Former Nigeria international, Shola Ameobi says the Premier League’s No Room For Racism initiative is sending out an important message in the battle against discrimination not just in football but in the wider world.
The League has launched the latest phase of the initiative, urging fans to challenge and report racism wherever it takes place.
Former Newcastle United striker Ameobi believes discrimination has to be confronted in everyday life.
“The reality is we are seeing systemic racism is still an issue in our society and certain people do not feel comfortable enough to [challenge] this,” he told Adrian Chiles on BBC Radio 5 Live. “In terms of challenging, not just in stadiums but in society as a whole.
“The No Room For Racism campaign is sending out an important message to football fans that we need to play our part, this is not just something that exists in sport but in society and we have to encourage behavioural change.
“I’ve seen talking around these issues but the reality for us is that we need to have action attached to it.
“Action is vital if anything is going to be done to challenge the racial issues we have. The campaign is all about mobilising people and giving them the confidence to say, ‘Listen, we’re not going to accept this.’”
As part of No Room For Racism, the League is launching a series of free educational resources on its Premier League Primary Stars website featuring players such as Dominic Calvert-Lewin, Neal Maupay, Divock Origi, Hamza Choudhury and Demi Stokes discussing their own experiences of discrimination and its impact.

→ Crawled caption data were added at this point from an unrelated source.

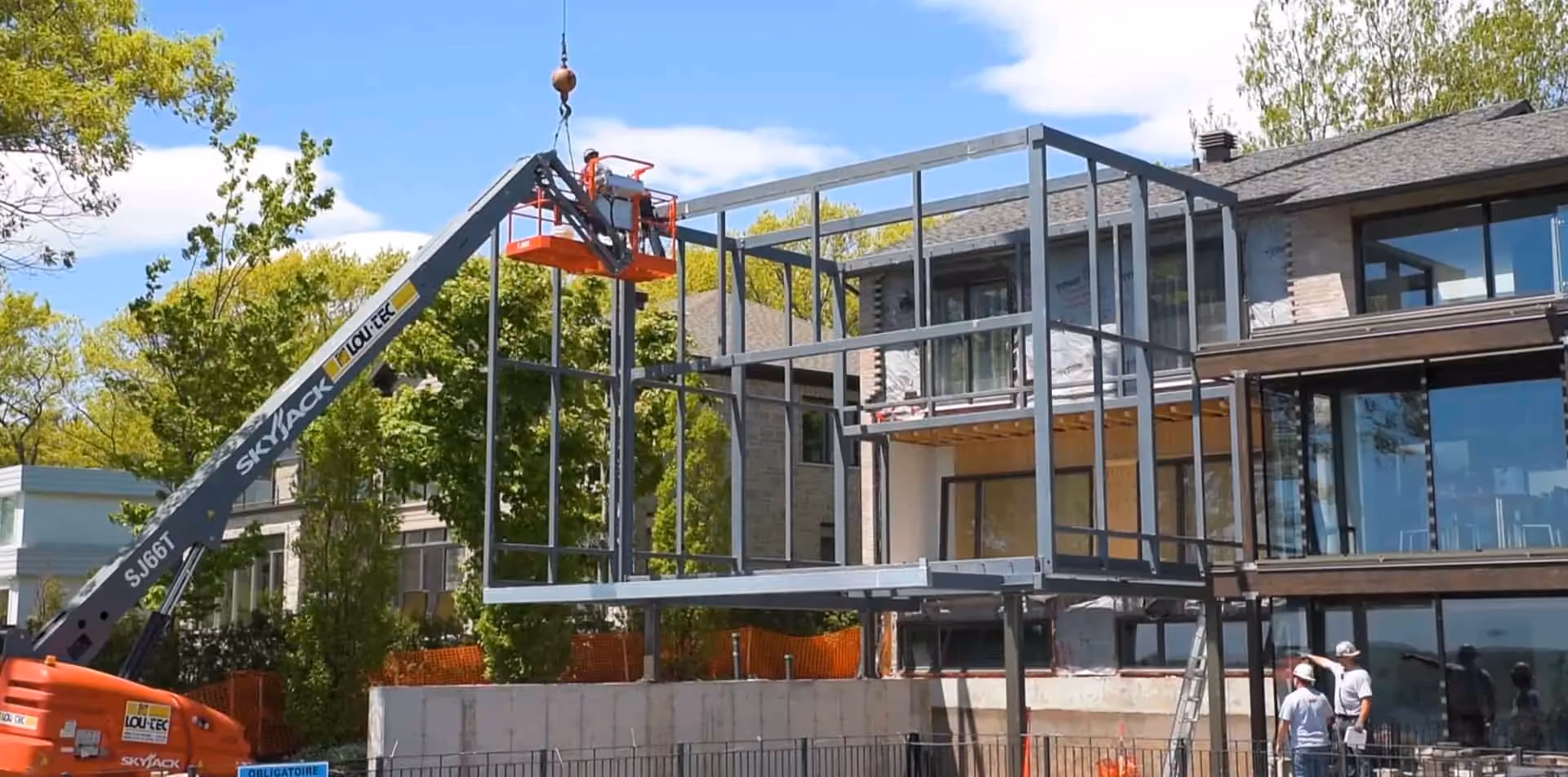 Construction de la maison Vitrine sur le fleuve
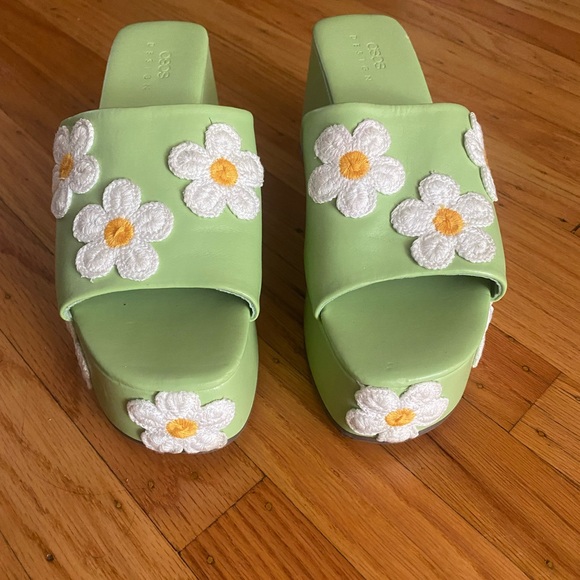 Green Telly daisy/flower wedges from ASOS - Picture 8 of 12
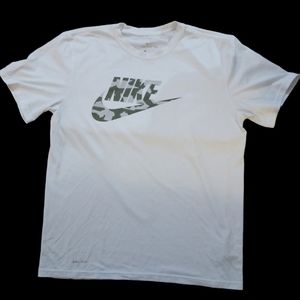 Nike Dri Fit men's athletic cut tee.  Large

Ameobi believes such resources will help improve the vital education of children about racism.
“We have to do more, certainly within our school system,” he said. “Education and the governance around how we teach kids about race, diversity and inclusion needs to be better.
“We have to make sure we don’t just deal with [it] at a face value, but actually get deep into understanding why we are still dealing with these issues. Education is a huge part of that and making sure we promote it in schools.”
No Room For Racism has been around since 2019 and has helped to generate a conversation about racism, not just in football.
Ameobi has seen a growing number of Premier League players becoming more confident in that time to raise the issue of racism through social media and such action as “taking a knee” before the start of Premier League matches.
“What the players have done and the Premier League are doing is to make sure the conversation is still happening, that it’s not just a flash in the pan,” Ameobi said.
“These actions are leading to more conversations and more information around what we are doing.
“That is only going to improve how we’re talking about this in society because, ultimately, the reality is these players have a huge platform and the more we can engage clubs and players, the better we can talk about these issues and hopefully move forward.”